*TASK ITEM:* Using the entries that follow, report the number of lines that include the string "Cadillac", without any other text.

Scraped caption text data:
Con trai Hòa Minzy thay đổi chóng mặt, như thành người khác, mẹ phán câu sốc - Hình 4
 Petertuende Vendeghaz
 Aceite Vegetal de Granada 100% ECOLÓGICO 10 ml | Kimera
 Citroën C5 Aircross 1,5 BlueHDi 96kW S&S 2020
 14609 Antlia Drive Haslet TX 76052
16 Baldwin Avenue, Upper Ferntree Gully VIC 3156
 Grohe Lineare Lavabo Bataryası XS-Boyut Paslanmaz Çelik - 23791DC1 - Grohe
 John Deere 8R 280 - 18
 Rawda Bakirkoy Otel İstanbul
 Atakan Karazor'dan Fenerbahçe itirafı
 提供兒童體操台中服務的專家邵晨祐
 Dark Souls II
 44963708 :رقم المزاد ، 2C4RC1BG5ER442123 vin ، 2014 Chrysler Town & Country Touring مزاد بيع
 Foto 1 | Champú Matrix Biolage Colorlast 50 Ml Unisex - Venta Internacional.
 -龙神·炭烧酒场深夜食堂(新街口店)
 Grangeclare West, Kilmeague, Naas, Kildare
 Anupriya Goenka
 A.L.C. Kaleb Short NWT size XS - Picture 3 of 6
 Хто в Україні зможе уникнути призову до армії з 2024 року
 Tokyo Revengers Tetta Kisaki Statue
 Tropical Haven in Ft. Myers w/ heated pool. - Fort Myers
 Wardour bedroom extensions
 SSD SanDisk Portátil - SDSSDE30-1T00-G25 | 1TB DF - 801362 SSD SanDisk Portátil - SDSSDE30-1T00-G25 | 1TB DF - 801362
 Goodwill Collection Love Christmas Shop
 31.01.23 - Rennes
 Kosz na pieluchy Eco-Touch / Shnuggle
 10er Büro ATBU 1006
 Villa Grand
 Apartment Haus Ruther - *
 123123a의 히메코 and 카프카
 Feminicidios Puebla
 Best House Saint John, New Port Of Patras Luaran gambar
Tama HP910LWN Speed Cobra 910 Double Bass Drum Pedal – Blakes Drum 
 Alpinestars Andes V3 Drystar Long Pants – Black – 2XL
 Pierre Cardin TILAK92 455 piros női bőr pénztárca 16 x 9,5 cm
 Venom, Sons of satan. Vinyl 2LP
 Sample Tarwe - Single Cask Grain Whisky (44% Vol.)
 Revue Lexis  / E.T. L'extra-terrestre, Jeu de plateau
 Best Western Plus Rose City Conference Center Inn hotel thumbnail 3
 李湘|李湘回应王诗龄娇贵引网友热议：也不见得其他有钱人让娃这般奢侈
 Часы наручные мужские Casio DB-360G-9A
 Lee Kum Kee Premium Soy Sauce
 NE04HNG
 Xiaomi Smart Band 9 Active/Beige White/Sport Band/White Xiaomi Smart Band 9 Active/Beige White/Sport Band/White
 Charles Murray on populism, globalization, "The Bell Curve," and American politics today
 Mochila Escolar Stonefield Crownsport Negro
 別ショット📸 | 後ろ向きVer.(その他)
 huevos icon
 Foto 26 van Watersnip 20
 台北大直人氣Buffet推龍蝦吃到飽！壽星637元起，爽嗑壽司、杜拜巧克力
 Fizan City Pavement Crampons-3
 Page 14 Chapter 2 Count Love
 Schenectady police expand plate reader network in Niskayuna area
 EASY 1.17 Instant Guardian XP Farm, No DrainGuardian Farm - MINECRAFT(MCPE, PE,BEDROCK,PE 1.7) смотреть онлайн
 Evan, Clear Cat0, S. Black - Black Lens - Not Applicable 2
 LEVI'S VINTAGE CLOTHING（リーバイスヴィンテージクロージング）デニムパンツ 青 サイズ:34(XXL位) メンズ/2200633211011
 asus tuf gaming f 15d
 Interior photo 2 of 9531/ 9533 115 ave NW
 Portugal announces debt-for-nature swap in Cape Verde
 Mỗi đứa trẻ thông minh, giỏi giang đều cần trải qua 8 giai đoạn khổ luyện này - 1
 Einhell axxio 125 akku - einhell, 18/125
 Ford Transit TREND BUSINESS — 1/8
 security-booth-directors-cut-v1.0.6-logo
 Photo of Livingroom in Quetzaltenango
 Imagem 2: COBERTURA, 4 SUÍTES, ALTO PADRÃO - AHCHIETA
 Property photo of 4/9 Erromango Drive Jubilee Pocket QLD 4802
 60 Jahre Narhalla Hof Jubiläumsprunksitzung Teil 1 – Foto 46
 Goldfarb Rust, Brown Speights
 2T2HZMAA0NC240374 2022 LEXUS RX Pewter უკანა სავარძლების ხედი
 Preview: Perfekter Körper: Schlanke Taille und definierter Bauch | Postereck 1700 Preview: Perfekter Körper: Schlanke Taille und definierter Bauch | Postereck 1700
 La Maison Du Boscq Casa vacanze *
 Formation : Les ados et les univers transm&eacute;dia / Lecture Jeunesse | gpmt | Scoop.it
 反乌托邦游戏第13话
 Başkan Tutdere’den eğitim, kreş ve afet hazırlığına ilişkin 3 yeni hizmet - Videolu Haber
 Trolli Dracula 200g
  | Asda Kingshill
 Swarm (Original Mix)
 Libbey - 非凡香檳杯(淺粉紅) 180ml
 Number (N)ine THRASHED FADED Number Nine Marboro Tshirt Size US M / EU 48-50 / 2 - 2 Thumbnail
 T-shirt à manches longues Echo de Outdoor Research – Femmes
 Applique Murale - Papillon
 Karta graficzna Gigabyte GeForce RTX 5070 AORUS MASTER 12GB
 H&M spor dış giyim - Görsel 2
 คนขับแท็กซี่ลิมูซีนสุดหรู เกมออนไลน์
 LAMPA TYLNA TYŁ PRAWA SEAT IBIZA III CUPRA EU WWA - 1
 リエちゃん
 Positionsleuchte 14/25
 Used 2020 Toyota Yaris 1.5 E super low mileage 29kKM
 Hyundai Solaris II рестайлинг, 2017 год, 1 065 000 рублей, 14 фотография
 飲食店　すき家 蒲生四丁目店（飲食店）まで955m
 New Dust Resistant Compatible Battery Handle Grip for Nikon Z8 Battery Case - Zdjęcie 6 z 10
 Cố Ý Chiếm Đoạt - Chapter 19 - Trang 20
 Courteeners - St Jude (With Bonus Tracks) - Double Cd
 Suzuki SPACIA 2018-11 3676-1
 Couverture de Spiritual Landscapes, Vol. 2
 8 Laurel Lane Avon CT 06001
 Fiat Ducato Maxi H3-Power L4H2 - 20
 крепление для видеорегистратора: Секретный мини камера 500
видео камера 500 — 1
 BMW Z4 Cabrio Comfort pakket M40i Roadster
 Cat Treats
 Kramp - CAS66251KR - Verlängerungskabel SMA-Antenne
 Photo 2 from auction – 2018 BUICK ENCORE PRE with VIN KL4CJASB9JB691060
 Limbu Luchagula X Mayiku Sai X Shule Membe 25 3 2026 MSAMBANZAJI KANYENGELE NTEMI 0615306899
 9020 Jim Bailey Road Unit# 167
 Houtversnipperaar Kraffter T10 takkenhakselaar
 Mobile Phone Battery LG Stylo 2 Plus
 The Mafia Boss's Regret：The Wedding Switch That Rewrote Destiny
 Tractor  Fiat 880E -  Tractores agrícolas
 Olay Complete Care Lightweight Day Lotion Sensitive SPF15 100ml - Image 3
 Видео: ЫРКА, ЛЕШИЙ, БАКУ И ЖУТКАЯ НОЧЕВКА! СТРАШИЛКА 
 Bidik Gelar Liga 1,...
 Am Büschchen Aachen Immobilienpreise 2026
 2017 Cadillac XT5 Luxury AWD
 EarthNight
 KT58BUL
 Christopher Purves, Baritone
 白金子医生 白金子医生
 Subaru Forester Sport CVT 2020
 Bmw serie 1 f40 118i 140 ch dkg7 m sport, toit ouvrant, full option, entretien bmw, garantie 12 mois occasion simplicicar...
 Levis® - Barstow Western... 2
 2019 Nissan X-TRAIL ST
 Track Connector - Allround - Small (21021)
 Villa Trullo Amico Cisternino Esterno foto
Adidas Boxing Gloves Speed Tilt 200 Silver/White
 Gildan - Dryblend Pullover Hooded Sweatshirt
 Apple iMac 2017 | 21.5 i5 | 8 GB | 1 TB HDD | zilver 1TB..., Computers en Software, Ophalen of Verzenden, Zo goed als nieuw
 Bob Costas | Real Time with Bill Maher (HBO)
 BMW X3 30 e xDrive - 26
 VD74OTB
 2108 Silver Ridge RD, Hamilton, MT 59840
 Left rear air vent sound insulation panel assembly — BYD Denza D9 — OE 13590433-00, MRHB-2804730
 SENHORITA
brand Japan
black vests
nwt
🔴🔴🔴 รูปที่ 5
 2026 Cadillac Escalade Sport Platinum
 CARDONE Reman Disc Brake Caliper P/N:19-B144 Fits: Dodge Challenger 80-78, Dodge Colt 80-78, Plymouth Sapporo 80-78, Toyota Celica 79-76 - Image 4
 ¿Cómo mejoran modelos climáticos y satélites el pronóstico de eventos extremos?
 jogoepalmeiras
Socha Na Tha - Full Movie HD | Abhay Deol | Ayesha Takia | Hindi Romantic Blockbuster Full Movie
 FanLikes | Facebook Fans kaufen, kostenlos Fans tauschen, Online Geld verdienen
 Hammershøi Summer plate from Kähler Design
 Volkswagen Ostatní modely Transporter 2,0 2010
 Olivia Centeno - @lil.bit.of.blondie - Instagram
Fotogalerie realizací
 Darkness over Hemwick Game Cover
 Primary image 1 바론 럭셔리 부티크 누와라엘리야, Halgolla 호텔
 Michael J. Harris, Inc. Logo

*FINISHED EXERCISE:* 2